In Linux, the following code outputs strange results.
import Foundation
print("a\r\nb".components(separatedBy: "\n"))
print(("a\r\nb" as NSString).components(separatedBy: "\n"))
The following is the output.
["a\r\nb"]
["a\r", "b"]
Is this a bug? I tested this with Swift 6.1.2 on Ubuntu 20.04.
On MacOS, the output is like the following.
["a\r", "b"]
["a\r", "b"]
This is intentional. Recall that a Swift Character
is not the same as a Unicode codepoint. A Swift Character
is an "extended grapheme cluster". Compare:
print("\r\n".count) // 1
print("\r\n".unicodeScalars.count) // 2
"\r\n"
is a single Character
, and "\n"
is another, different, single Character
. "a\r\nb"
does not contain any occurrences of the Character
that is "\n"
.
On the other hand, NSString
works differently. NSString
is a sequence of UTF16 code units. Its components(separatedBy:)
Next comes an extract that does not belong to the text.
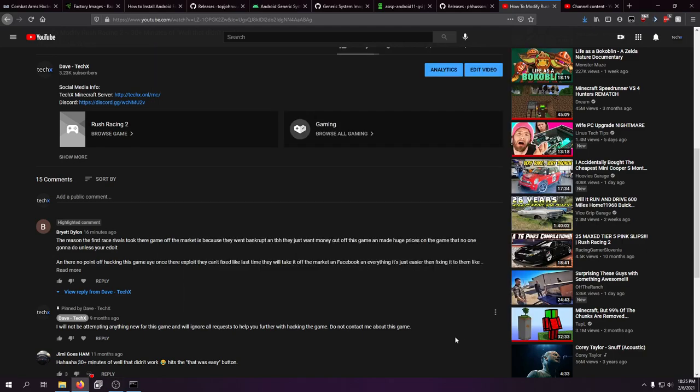Hey guys, what is up Dave here, coming back to you with a brand new video on the channel. As you guys know, sometimes I like to respond to your guys' comments in video form, especially if it's something that I hear often, or just some misinformation I see. And the topic of today is about CIE Games, Racing Rivals, and Rush Racing 2, which I said I would never make a video about again. Here we are.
method operates not on Character
s, but on UTF16 code units.
Note that on Apple platforms, the behaviour of components(separatedBy: "\n")
does split the string codepoint-by-codepoint, so that it is compatible with NSString.components(separatedBy: "\n")
. See the source:
public func components<T : StringProtocol>(separatedBy separator: T) -> [String] {
#if FOUNDATION_FRAMEWORK
if let contiguousSubstring = _asContiguousUTF8Substring(from: startIndex..<endIndex) {
let options: String.CompareOptions
if separator == "\n" {
// 106365366: Some clients intend to separate strings whose line separator is "\r\n" with "\n".
// Maintain compatibility with `.literal` so that "\n" can match that in "\r\n" on the unicode scalar level.
options = [.literal]
} else {
options = []
}
do {
return try contiguousSubstring._components(separatedBy: Substring(separator), options: options)
} catch {
// Otherwise, inputs were unsupported - fallthrough to NSString implementation for compatibility
}
}
return _ns.components(separatedBy: separator._ephemeralString)
This whole special case is wrapped in #if FOUNDATION_FRAMEWORK
, which is only turned on when building as Foundation.framework.